The thing is Mark I don’t need to promote my day job, the media consultancy.   We are the market leaders and even in this recession we are still out the door with work.  But many of our clients are now engaging in viral marketing, so again I feel the best way for an old fart like me to learn about it is to do it.  Anyway thanks for saying I am a decent guy.

CONGRATS SANDRA of PRINT DELICIOUS

Before I answer Cap’n P’s great question about copying a show like Dragons’ Den, let me just say how heartened I was by Sandra’s comments. She is right.  All five Dragons loved her print delicious idea and she was one of the best presenters I have seen in the Den. Unfortunately it didn’t get an investment because it wasn’t scalable.

In investment we have a rule, “If it is not scalable, it is not saleable”. By scalable we mean could we set up a print delicious in the UK,  could we franchise it in France and so on. But that has already been done so Sandra has the Irish Franchise.  But I wish her well.  It will be a great success, I am sure.

SHOULD WE COPY FOREIGN PROGRAMMES?

Is it evidence of a lack of creativity in Irish broadcasting that we do a copy of Dragons’Den or The Apprentice? First of all I believe very little is actually original. Everything has been tried in some shape or form before.

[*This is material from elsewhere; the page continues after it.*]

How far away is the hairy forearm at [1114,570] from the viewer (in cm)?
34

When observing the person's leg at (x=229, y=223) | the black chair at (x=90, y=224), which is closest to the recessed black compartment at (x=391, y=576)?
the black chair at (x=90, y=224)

But Irish TV would be mad not to do Irish versions of successful proven shows abroad.  Of course it is risky and can go wrong. Who remembers Eamon Dunphy doing The Weakest Link? That was…. well that was…, embarrassing.   But on the other hand The Apprentice on TV 3 was super and easily as good, from a production standards point of view, as the BBC/Alan Sugar version. I do the interviews in the penultimate show of the Irish Apprentice,  and I would have to say that the standard of candidate was much lower this year that in the first series,  so it became more like Big Brother in series 2 than the Apprentice.  But even so, it still got massive ratings.

Yes we will always be compared. And after viewing the first show we all felt the team has done us proud. Interesting story, Sarah was talking to Peter Jones (The BBC Dragon) last Friday and Peter was saying, “I hear your show is very good and is it true it is much funnier than ours?” There is that difference between the two shows I think we, the Irish Dragons, banter amongst ourselves much more than they do on the BBC show which is a little colder and more clinical perhaps.

Producer Eugenia Cooney has done a brilliant job

Thursday, February 25, 2010 posted by Gavin Duffy

As we watched the show we all had a good laugh slagging one another but I think we were all struck again by the professionalism of Eugenia Cooney, the Producer and her team and just how wonderful the show looks. Andrew who does the lighting and Molly the designer and of course all the camera crew shoot it so beautifully. It looks warmer than the BBC Den.